U.S. trade officials were critical of a report issued this week on ways to reduce excess capacity in the global steel market. More than 30 steel producing countries representing 90 percent of global steel manufacturing launched the Global Forum on Excess Steel Capacity in December 2016 in an effort to address the systemic issues causing the global steel crisis. The European Union said forum members have now agreed on “an ambitious package of concrete policy solutions,” but the Office of the U.S. Trade Representative said “much work remains.”
The forum’s report calls on member countries to remove and refrain from adopting market-distorting subsidies and other support measures provided by governments and government-related entities that contribute to excess capacity or encourage companies to undertake capacity expansion projects or maintain consistently loss-making or uneconomic steel plants. The report also makes a number of other recommendations on creating a level playing field, industry restructuring, capacity reduction targets, mergers and acquisitions, export credits, and transparency.
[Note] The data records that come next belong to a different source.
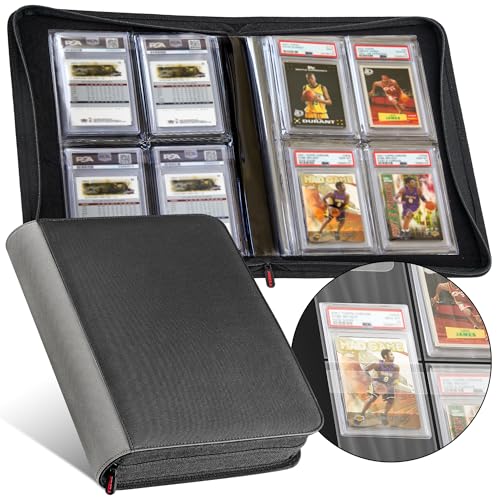 Red Graded Card Storage Binder V137
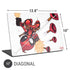 Marvel Deadpool Babypool Shooting Universal Laptop 17in (13.8 x 10in) Skin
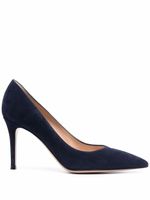 Gianvito Rossi escarpins pointus en daim 90 mm - Bleu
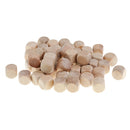 50Pcs Wooden Blank Dice 16mm Game Dice for Kids Building Blocks DIY Craft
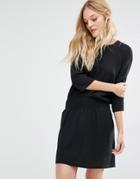 Y.a.s Artic Cinched Waist Dress - Black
The EU characterized these measures as an “agreed package” and said there is a “robust monitoring mechanism” to track implementation in 2018 and 2019. However, USTR suggested that the forum had succeeded only in “pointing to short-term developments and worn out promises.” USTR acknowledged the report’s “many helpful policy prescriptions” but said “meaningful progress” in addressing the root causes of steel excess capacity will only come through “immediate and sustained concrete action by all steelmakers, including allowing markets to function, removing market-distorting subsidies and other forms of state support, and treating state-owned enterprises and private steelmakers equally.” Until that happens, USTR said, the U.S. “will not hesitate” to use other tools to “firmly respond to the causes and consequences of steel excess capacity.”